Il bucaneve, così lo chiamavo per via dei suoi capelli chiarissimi, mi scoccò un'occhiata ammiccante. Aveva le braccia conserte, occupato a tenere tra di esse una quantità esagerata di dolciumi di ogni tipo: cioccolato, biscotti, zucchero filato in busta. Io, nel frattempo, mi piegai verso il basso per posare a terra una grande cassa, unita ad uno stereo altrettanto grande. 

Il tonfo delle porte della mensa mi fece capire che il capo, Melville, era appena entrato. Il vociferare, infatti, si era arrestato e tutti osservavano con curiosità quel ragazzo che definivano crudele, ma senza sapere che bastava conoscerlo per capire che era tutta un'armatura per proteggere sé stesso dai colpi duri della vita. 

La gente era abituata ad odiare o giudicare una persona ancora prima di conoscerla, ancora prima di capire per quale motivo fosse diventata ciò che era. Non pensavano a quanto dolore ci fosse dietro. Quello mai. Era più facile odiare che conoscere.

Melville sorrideva, uno dei suoi soliti sorrisi accattivanti, e camminava come se il mondo gli appartenesse, ignorando totalmente le scatole di pizza sovrapposte una sull'altra che portava tra le mani. Dietro di lui, Thorne e Amyas erano messi allo stesso modo, mentre il piccolo dolce Samir sembrava faticare un po' mentre spingeva con forza una scatola piena di bibite gassate e poco dietetiche. Amos, con il petto tremante dalle risate, corse ad aiutarlo.

«Non vi preoccupate, nessuno di voi verrà punito per ciò che ci aspetta oggi e nei prossimi due giorni». Melville tornò ad avere la sua classica espressione severa e parlò a voce alta. «Fidatevi di noi, per una volta. Per ora saremo liberi, come poche volte ci è stato concesso, perché l'istituto è tra le nostre mani fino a quando Denholm non tornerà dall'orfanotrofio di Denver».

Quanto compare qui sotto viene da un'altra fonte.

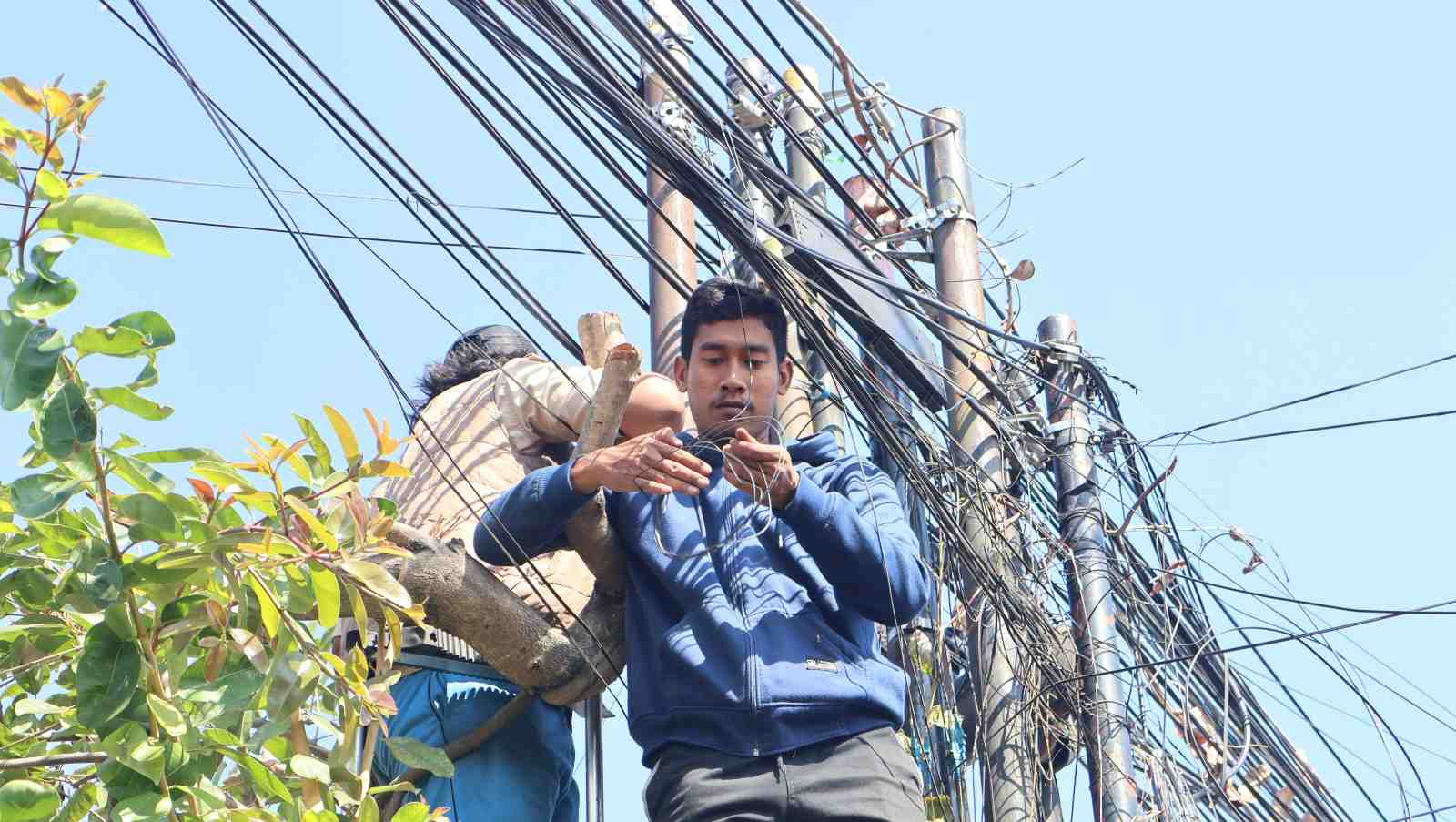 Pemkab Buleleng Tertibkan Kabel Fiber Optik Semrawut di Singaraja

Era stata un'idea mia fare tutto questo, perché loro non l'avevano mai fatto prima. Avevano continuato a seguire le regole anche quando lui non era presente, come dei bravi burattini, ma non doveva andare così. Proprio no. Era ora di vivere un po'. 

Amos si schiarì la voce e mi spintonò con forza, ricordandomi di dover dire qualcosa. Sorrisi e alzai lo sguardo. «Ovviamente, finiti questi giorni, tutto dovrà essere ricordato solo come un sogno. Se veniamo a sapere che qualcuno ha fatto la spia...».

«Dubito potrà camminare per almeno due settimane». Nivek ammiccò.

Amos strinse gli occhi. «O forse per un mese».

«O forse... per sempre». Melville lasciò cadere la frase come se nulla fosse e il silenzio si fece più forte subito dopo. Quando fu soddisfatto batté le mani e ci indicò di cominciare a distribuire le pizze.

Erano quasi tutte semplici, con pomodoro e mozzarella per accontentare tutti, tranne quella mia e della mia partner, che sapevo mi stesse osservando senza bisogno di girarmi a guardarla. 

Sapevo sempre quando mi guardava, perché i brividi lungo la schiena erano difficili da ignorare. Quando il mio sguardo si unì al suo, fu difficile anche non correre da lei e stringerle il viso fra le mie mani, quasi troppo grandi in confronto, per finire ciò che avevamo iniziato due notti fa.  

Sentivo ancora il suo sapore tra le labbra, quel sapore che avevo sentito anche la mattina dopo e avevo sorriso, sfiorandomi la bocca per ricordare come fosse sfiorare la sua. Il sapore più buono del mondo, il più dolce, che avrei voluto fosse la mia colazione, pranzo e cena per l'eternità. Era sempre stupefacente rendermi conto di quanto fossi perso di lei e di quanto lei, allo stesso tempo, fosse la strada giusta per ritrovarmi.